Stored data entries

-------

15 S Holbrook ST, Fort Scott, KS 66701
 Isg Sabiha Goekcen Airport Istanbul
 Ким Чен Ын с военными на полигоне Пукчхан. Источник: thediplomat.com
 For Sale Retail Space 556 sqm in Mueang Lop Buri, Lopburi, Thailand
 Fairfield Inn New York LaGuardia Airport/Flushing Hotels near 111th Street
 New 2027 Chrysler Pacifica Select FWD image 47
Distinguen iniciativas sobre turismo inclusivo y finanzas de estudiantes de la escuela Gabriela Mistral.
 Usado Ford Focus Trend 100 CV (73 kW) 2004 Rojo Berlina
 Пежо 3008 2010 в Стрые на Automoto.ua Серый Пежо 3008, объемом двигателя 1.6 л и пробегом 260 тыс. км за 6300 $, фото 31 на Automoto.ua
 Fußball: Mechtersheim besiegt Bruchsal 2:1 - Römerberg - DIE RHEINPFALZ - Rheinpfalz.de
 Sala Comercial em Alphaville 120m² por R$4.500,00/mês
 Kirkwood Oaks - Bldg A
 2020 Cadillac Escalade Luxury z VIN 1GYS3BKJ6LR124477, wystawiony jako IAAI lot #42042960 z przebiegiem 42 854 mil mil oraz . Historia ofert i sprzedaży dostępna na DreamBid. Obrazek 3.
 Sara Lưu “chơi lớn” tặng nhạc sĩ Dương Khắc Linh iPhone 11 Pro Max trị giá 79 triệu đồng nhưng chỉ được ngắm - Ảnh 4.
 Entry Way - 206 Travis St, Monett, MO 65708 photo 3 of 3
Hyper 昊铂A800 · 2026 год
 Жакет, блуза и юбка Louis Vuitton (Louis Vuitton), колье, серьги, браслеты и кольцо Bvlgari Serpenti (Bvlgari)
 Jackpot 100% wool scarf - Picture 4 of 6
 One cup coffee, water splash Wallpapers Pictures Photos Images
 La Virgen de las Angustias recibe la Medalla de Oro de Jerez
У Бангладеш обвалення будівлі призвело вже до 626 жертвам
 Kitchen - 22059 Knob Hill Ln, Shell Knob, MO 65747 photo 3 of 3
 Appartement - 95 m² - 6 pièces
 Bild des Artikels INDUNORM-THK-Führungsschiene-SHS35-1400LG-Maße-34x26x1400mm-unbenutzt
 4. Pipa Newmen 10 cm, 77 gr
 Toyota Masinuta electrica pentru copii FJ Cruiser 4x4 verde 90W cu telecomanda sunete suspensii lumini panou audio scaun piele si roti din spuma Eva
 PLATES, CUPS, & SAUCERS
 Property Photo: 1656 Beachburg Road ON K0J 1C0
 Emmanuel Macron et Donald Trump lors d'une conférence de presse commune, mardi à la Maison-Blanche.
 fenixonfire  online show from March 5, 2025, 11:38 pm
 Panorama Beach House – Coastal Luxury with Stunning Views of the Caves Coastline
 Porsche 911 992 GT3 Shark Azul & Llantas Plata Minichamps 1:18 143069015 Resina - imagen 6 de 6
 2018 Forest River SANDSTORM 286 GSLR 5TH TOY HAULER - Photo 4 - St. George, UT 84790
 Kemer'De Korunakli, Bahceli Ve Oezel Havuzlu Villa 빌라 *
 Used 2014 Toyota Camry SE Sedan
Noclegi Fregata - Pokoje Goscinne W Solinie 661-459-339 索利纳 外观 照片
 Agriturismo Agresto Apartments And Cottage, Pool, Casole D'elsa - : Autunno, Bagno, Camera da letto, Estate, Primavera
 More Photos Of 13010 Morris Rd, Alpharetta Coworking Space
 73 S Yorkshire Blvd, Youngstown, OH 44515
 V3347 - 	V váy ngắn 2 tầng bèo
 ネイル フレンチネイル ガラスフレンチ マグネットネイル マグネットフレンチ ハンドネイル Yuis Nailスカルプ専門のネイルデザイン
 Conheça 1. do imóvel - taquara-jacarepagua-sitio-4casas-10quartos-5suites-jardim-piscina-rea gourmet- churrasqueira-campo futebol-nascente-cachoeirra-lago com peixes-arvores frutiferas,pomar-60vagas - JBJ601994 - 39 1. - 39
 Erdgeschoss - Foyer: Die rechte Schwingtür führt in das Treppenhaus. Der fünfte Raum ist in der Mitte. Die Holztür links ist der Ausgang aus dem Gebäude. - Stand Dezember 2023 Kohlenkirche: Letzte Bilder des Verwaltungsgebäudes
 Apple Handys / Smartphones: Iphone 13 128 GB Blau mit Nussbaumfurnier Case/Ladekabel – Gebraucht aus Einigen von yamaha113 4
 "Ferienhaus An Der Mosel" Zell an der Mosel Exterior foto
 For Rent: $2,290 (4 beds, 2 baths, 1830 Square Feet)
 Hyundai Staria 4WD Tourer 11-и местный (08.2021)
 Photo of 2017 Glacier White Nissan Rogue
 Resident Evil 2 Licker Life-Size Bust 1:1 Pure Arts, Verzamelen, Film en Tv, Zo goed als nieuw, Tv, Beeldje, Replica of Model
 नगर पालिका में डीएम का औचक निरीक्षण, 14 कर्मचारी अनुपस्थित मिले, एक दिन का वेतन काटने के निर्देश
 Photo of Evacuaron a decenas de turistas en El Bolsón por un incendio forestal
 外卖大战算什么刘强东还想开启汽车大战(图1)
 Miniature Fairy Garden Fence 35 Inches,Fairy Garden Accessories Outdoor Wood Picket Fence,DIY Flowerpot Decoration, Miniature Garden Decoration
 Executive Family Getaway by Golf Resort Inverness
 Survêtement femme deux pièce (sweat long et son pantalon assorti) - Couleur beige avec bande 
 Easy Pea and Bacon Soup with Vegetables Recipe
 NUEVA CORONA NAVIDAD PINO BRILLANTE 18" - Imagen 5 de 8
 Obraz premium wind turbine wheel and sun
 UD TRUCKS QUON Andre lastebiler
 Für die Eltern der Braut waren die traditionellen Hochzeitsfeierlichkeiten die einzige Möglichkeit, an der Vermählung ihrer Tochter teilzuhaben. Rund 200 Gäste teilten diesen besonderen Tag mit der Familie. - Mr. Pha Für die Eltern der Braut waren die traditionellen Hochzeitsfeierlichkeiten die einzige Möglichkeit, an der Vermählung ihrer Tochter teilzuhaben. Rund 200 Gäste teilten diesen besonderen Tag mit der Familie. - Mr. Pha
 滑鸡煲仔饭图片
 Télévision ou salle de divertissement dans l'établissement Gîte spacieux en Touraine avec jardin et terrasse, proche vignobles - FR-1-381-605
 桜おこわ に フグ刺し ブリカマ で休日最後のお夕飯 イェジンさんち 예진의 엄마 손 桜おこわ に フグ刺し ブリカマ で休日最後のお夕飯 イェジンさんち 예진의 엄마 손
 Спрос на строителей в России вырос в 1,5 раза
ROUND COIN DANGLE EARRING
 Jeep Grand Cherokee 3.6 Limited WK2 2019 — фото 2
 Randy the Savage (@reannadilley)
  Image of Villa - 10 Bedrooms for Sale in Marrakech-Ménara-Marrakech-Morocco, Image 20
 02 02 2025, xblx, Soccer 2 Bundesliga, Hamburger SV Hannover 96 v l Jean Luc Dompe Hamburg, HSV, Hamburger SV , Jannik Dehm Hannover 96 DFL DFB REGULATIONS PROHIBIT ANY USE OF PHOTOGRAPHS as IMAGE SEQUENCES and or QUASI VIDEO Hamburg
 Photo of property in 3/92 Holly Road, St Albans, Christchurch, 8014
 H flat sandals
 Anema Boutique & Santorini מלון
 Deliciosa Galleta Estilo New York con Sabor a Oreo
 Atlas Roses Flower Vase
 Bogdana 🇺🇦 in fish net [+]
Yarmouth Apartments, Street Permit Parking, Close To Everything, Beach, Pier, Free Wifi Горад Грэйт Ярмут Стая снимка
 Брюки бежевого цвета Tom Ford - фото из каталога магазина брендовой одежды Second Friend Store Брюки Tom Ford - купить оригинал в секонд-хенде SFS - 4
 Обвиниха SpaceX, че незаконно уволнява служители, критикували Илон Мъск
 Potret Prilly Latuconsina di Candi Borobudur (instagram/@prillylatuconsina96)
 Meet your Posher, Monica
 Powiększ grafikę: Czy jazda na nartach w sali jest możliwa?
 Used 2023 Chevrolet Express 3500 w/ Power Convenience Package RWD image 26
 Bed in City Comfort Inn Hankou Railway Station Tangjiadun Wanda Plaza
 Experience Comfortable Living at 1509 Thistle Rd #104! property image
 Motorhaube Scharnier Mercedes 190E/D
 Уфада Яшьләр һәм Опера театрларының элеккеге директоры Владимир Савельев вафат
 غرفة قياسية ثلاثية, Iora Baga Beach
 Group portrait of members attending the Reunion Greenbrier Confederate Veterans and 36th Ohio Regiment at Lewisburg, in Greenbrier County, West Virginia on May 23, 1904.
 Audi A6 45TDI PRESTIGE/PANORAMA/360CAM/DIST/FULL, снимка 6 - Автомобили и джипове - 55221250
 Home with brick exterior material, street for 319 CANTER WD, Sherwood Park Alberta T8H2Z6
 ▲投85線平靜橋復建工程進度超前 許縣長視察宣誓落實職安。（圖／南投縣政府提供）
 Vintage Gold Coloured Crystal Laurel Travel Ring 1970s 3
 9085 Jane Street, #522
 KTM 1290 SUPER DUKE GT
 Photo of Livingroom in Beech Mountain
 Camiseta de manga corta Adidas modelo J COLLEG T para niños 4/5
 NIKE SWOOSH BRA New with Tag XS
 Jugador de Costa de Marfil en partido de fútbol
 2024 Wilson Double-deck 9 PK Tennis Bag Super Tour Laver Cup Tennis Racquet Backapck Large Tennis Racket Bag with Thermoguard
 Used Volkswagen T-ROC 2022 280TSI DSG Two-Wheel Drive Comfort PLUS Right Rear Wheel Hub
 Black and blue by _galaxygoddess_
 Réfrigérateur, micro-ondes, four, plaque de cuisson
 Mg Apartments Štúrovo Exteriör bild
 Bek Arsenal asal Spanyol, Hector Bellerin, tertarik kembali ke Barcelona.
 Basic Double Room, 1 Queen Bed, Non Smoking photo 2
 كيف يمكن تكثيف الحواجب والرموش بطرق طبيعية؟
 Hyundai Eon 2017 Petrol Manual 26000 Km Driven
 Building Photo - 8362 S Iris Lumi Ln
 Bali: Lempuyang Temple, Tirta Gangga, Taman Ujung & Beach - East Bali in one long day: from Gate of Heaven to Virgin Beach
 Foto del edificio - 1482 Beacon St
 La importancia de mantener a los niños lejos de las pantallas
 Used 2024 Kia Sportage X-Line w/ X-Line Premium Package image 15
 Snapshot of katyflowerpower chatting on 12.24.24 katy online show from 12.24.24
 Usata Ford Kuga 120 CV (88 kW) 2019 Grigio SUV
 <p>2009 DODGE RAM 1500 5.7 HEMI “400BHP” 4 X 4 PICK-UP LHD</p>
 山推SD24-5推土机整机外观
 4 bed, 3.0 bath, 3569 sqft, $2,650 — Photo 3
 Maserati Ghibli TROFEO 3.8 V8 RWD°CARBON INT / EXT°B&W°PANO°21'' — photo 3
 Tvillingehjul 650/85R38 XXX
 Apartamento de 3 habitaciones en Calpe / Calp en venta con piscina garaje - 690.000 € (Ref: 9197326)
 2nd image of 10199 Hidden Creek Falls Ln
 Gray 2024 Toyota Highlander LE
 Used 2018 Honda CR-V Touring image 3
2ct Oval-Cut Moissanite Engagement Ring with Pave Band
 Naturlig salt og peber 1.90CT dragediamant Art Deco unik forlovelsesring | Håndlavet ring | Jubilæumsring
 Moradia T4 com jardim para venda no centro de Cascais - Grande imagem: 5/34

-------

§ What is required:
In your answer, include only the lines above starting at the line that holds "<p>2009 DODGE RAM" and ending at the line that holds "Tvillingehjul 650/85R38 XXX", copied exactly.

§ Your response:
 <p>2009 DODGE RAM 1500 5.7 HEMI “400BHP” 4 X 4 PICK-UP LHD</p>
 山推SD24-5推土机整机外观
 4 bed, 3.0 bath, 3569 sqft, $2,650 — Photo 3
 Maserati Ghibli TROFEO 3.8 V8 RWD°CARBON INT / EXT°B&W°PANO°21'' — photo 3
 Tvillingehjul 650/85R38 XXX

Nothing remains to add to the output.